DATASET RECORDS:
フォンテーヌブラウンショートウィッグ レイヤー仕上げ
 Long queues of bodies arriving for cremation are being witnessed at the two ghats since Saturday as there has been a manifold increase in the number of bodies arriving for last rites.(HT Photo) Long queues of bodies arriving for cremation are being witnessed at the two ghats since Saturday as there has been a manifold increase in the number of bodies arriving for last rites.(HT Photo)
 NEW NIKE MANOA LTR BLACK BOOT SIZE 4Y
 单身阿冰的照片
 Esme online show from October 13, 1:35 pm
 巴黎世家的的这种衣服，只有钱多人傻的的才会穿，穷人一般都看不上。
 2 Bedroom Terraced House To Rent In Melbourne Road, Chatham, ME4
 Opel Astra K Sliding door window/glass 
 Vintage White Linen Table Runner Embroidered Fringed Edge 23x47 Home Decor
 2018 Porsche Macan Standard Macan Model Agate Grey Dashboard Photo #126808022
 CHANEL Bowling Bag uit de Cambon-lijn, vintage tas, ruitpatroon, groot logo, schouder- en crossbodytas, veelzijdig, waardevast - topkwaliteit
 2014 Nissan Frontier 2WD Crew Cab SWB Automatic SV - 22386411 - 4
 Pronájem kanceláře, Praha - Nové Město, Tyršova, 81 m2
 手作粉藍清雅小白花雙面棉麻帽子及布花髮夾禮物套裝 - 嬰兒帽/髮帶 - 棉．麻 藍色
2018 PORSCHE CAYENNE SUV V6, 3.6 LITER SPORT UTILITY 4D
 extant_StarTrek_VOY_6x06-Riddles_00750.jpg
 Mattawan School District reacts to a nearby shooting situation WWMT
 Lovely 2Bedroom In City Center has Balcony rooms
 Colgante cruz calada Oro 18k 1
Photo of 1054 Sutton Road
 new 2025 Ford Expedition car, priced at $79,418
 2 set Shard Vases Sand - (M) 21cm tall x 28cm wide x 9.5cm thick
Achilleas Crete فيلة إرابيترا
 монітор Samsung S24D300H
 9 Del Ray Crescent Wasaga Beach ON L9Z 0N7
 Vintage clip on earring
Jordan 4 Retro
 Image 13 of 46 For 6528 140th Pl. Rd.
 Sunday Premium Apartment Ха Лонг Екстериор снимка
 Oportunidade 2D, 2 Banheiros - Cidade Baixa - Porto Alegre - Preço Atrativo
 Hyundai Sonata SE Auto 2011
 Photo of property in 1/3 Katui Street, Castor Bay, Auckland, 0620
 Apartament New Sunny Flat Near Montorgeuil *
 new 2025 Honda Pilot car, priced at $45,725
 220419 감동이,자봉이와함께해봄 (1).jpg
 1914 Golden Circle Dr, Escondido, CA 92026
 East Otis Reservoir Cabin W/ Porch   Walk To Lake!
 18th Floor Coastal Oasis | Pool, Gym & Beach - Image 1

WHAT THE TASK REQUIRES: The response consists of the lines above that contain "Image".

RESPONSE TO THIS EXERCISE:
 Image 13 of 46 For 6528 140th Pl. Rd.
 18th Floor Coastal Oasis | Pool, Gym & Beach - Image 1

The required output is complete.